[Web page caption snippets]
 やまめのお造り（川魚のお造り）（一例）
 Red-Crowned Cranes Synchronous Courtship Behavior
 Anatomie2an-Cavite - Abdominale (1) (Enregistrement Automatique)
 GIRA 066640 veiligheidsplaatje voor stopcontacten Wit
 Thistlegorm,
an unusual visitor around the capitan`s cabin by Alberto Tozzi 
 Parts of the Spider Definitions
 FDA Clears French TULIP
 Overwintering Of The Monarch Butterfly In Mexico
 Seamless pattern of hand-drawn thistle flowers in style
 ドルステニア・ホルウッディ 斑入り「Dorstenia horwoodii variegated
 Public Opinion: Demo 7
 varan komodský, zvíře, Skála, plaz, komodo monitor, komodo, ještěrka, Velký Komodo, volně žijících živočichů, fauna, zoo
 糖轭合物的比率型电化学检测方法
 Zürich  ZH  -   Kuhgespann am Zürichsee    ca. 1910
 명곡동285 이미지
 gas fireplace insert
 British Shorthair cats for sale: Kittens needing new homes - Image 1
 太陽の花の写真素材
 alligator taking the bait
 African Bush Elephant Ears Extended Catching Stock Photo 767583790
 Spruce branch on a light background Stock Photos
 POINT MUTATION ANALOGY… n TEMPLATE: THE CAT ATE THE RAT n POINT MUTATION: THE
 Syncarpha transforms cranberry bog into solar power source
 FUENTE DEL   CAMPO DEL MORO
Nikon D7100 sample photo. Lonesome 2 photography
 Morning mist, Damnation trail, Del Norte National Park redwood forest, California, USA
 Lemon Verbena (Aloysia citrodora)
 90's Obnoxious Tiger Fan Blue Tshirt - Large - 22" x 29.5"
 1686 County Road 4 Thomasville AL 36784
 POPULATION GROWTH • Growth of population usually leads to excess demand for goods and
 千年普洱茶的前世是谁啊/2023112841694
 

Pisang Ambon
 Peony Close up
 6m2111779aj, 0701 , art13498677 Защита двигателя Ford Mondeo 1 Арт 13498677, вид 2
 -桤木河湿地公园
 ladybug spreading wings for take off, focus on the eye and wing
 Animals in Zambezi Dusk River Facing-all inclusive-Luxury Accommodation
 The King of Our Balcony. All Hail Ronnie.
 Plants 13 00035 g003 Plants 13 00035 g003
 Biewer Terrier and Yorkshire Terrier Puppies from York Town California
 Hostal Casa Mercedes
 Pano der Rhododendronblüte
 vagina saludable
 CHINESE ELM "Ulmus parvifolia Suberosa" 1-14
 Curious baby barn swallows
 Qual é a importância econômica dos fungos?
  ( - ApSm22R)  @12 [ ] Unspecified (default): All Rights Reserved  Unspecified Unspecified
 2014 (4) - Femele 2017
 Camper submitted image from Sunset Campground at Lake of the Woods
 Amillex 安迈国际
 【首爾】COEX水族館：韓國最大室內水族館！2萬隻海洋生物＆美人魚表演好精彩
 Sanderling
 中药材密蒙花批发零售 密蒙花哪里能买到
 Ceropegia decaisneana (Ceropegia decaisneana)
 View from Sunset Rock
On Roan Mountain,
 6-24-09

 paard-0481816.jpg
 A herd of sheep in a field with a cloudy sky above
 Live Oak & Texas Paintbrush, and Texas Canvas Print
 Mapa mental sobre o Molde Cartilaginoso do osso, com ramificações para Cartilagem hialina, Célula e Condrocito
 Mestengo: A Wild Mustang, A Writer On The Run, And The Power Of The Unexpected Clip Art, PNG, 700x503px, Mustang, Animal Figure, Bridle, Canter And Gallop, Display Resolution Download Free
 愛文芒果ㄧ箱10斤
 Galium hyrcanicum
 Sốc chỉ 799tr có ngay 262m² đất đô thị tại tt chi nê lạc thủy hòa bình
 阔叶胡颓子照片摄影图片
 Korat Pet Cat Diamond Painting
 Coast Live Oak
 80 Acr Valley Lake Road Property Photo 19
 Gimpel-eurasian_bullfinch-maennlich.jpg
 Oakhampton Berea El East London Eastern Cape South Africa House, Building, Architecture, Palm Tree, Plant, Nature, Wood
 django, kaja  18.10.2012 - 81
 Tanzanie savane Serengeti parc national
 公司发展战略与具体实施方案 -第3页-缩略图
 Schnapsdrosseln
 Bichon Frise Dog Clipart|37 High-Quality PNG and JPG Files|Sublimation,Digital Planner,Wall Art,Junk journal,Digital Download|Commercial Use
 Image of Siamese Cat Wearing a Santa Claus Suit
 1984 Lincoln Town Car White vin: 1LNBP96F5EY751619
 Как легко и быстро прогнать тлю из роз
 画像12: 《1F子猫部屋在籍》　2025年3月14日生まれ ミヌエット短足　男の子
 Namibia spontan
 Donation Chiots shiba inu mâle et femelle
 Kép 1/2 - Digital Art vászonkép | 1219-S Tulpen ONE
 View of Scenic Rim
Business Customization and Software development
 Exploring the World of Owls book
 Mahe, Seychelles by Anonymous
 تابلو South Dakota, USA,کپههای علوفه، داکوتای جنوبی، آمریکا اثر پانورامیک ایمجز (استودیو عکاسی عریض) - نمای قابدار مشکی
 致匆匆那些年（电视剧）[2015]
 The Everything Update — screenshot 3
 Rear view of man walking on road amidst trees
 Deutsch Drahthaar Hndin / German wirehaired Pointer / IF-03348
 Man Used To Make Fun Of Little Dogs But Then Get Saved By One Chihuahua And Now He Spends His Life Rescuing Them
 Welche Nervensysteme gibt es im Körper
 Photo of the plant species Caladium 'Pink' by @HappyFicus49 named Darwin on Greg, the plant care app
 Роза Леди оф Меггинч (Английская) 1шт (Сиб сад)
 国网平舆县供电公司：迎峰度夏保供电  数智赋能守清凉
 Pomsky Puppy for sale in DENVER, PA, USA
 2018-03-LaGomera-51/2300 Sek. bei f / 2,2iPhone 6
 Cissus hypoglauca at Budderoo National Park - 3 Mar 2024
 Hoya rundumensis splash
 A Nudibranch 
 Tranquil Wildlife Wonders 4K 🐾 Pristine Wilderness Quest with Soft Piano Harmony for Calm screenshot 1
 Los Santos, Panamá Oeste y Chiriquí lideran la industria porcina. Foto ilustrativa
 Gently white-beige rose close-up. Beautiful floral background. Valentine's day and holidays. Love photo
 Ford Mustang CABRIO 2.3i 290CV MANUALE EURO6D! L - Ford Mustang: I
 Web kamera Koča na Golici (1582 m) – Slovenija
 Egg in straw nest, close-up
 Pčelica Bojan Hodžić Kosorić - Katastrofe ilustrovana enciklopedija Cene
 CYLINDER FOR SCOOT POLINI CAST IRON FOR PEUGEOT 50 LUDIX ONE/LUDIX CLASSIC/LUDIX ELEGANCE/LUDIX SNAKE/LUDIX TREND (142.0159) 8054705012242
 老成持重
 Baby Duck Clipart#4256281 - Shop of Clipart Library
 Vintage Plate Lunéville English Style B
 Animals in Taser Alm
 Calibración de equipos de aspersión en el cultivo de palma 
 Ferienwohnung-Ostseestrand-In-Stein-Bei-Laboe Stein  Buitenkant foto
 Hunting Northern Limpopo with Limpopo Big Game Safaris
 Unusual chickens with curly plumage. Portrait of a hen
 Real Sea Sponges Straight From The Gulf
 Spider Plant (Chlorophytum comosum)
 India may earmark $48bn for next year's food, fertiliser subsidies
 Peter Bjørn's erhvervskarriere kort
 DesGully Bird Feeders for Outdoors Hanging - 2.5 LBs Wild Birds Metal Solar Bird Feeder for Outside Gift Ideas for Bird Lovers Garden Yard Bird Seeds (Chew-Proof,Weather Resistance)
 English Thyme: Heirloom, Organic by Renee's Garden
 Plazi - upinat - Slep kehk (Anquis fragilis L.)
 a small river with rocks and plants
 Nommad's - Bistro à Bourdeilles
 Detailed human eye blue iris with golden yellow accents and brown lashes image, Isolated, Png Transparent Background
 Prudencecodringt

■ **Task requirements**
Once the line with "FDA Clears French TULIP" is found in the records above, print exactly that line and every line after it through the line with "Public Opinion: Demo 7".

■ **Exercise output**
 FDA Clears French TULIP
 Overwintering Of The Monarch Butterfly In Mexico
 Seamless pattern of hand-drawn thistle flowers in style
 ドルステニア・ホルウッディ 斑入り「Dorstenia horwoodii variegated
 Public Opinion: Demo 7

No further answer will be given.